» Data below
- - - -
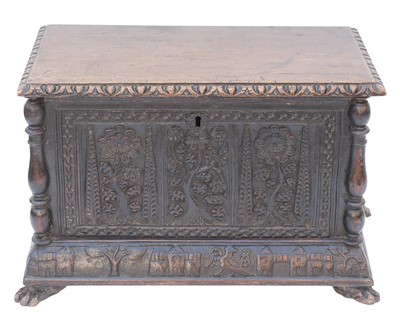 Lot 823 - An Italian walnut small coffer.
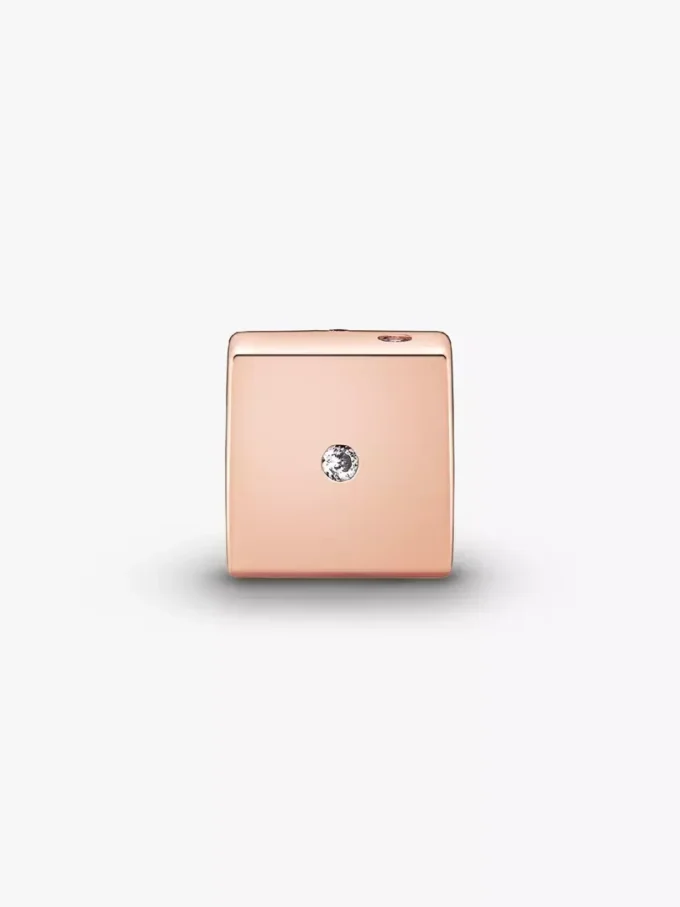 Endverkauf – funkelnder Würfel-Charm, 14 Karat Roségold-Beschichtung Endverkauf – funkelnder Würfel-Charm, 14 Karat Roségold-Beschichtung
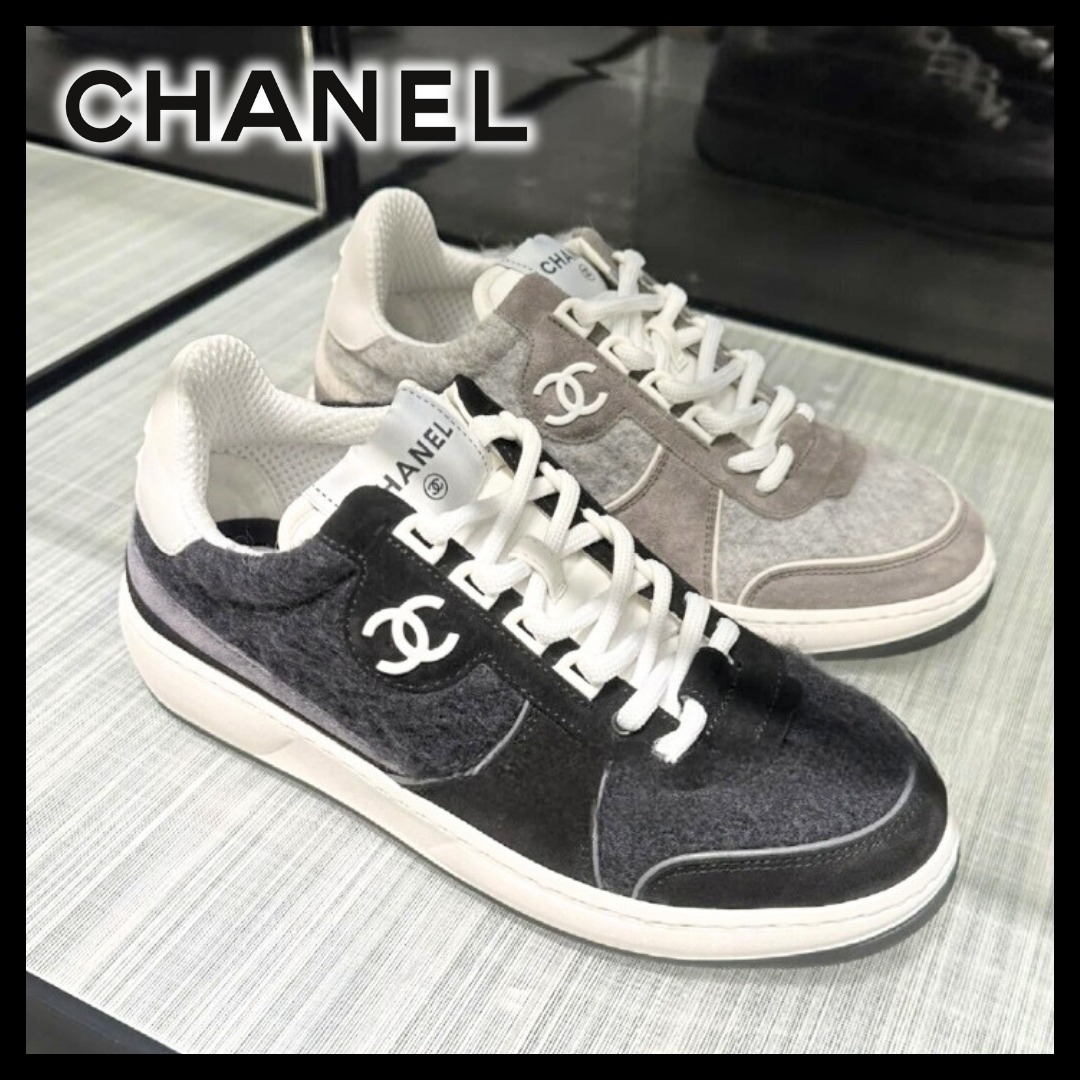 【ウールで上品エレガントな印象に♪】CHANEL ウール スニーカー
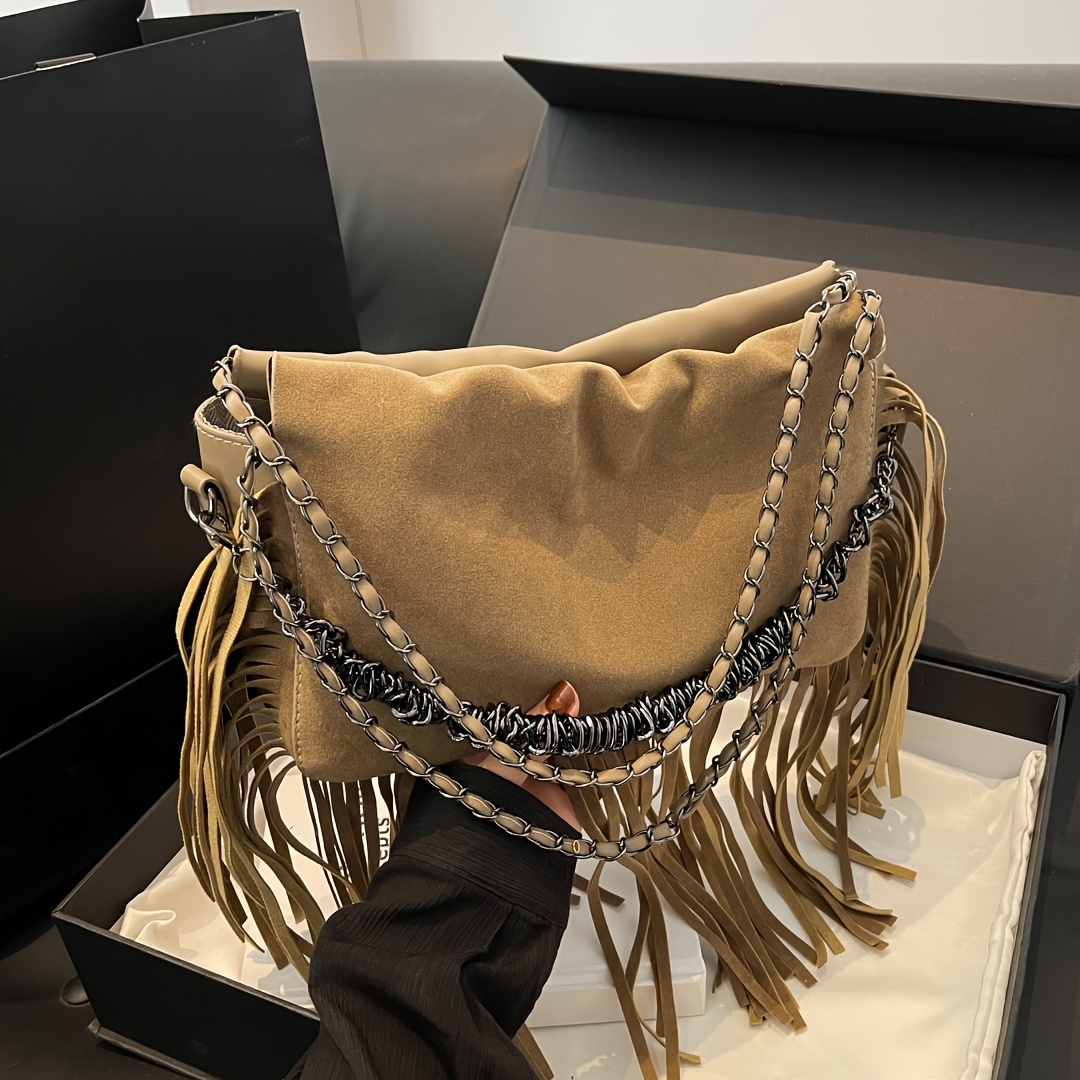 Retro Fringe Shoulder Bag Punk Style Chain Handbag Western - Temu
- - - -
» Work required
Word for word, reproduce all the data, but not the pictures.

» Reply
 Lot 823 - An Italian walnut small coffer.
 Endverkauf – funkelnder Würfel-Charm, 14 Karat Roségold-Beschichtung Endverkauf – funkelnder Würfel-Charm, 14 Karat Roségold-Beschichtung
 【ウールで上品エレガントな印象に♪】CHANEL ウール スニーカー
 Retro Fringe Shoulder Bag Punk Style Chain Handbag Western - Temu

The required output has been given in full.